FIG. 12 indicates the drive control block diagram for cell pump 202, indicated in the embodiments 1-6. Depending upon a command signal of the integrated drive circuit 301, individual cell pump driving circuits (X1,X2 . . . Xn) are arranged so that an independent control of individual cell pumps 202 becomes possible. Normally at the time of starting of the pump large load is generated as compared to normal run and thereby increasing the input current. Therefore if individual cell pumps (Y1, Y2, . . . Yn) are started simultaneously, starting current of each cell pump gets added and thus very large input current is generated. However depending upon provision of the integrated driving circuit as mentioned above, at the time of starting of the integrated pump 201, starting from the cell pump 202 located on the suction side of the integrated pump each cell pump can be started one by one giving a starting interval between them.

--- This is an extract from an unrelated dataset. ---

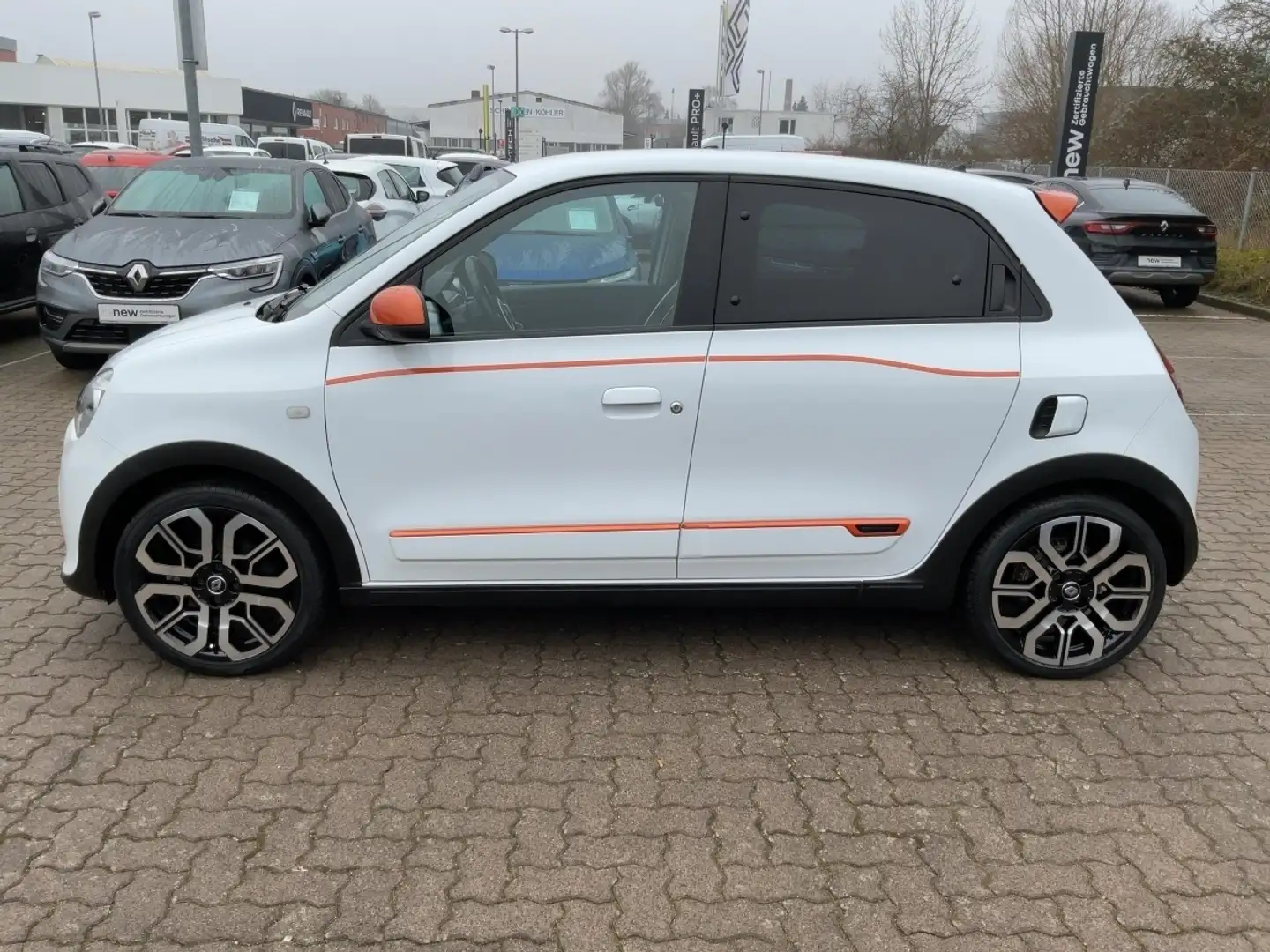 Renault Twingo GT 0.9 TCe 110 Bílá - 2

Thereby the input current at the time of starting can be drastically reduced, and consequently a considerable reduction in rated capacity of power can be achieved.

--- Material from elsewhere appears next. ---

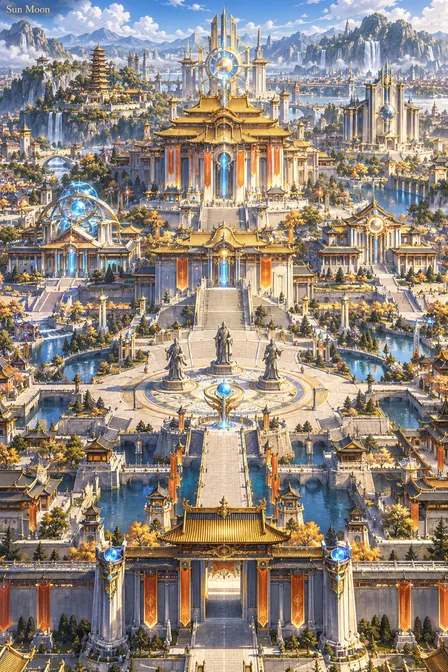 Sun Moon Empire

Further, in case of the output control or reducing capacity or head, conventionally the same is done by means of valve etc. As a result even with reduction in capacity the same power is to be is supplied. However in case of the integrated pump of this invention, each cell pump is operating at rated output for maximum efficiency. By stopping of cell pumps one by one starting with cell pump 202 located on the discharge side, and thereby controlling the number of cell pumps operating, running of the integrated pump 201 without any drop in efficiency of total output is possible.

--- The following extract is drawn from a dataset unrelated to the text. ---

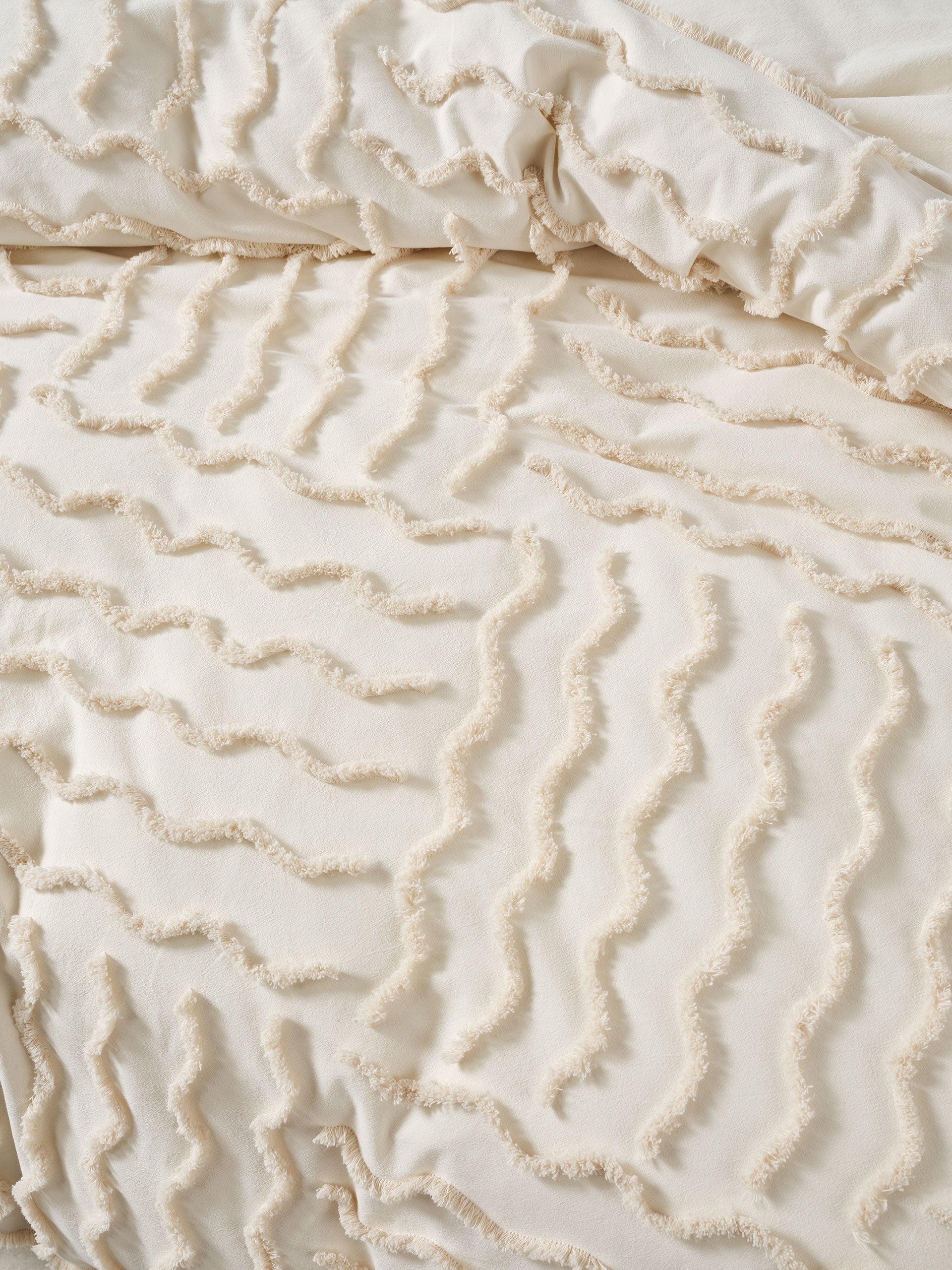 Metung Latte Quilt Cover Set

Obviously, numerous modifications and variations of the present invention are possible in light of the above teachings. It is therefore to be understood that within the scope of the appended claims, the invention may be practiced otherwise than as specifically described here in.

Claims

What is claimed is:

1. An integrated pump, comprising:

a plurality of cell pumps each having an inlet and an outlet to discharge fluid drawn from the inlet to the outlet;

a consolidated inlet for introducing fluid;

a consolidated outlet for exhausting fluid; and

a flow structure for introducing fluid from the consolidated inlet when the cell pumps operate, the flow structure guiding introduced fluid from the consolidated inlet to the inlet of the cell pumps, and the flow structure guiding fluid discharged from the outlet of the cell pumps to the consolidated outlet;

wherein the flow structure, comprises:

a series connecting structure for connecting the outlet of one cell pump to the inlet of other cell pump to arrange the plurality of cell pumps in series;

a series consolidated inlet as the consolidated inlet arranged at a fluid introducing portion of the series cell pumps; and

a series consolidated outlet as the consolidated outlet arranged at a fluid exhausting portion of the series cell pumps;

wherein the flow structure further comprises:

a parallel connecting structure for arranging the plurality of series cell pumps in parallel;

a consolidated inlet member having a parallel consolidated inlet as the consolidated inlet to connect inlets on fluid introducing sides of the series cell pumps arranged in parallel to the parallel consolidated inlet; and

a consolidated outlet member having a parallel consolidated outlet as the consolidated outlet to connect outlets on fluid exhausting sides of the series cell pumps arranged in parallel to the parallel consolidated outlet.

2. An integrated pump according to claim 1, wherein at least one cell pump arranged uppermost in fluid flow from the consolidated inlet contains a check valve in the inlet.

3. An integrated pump according to claim 1, further comprising a controller for driving and controlling the respective cell pumps.

4. An integrated pump according to claim 1, wherein the controller controls the cell pumps from a cell pump located at the consolidated inlet side towards a cell pump located at the consolidated outlet so that the respective cell pumps sequentially start.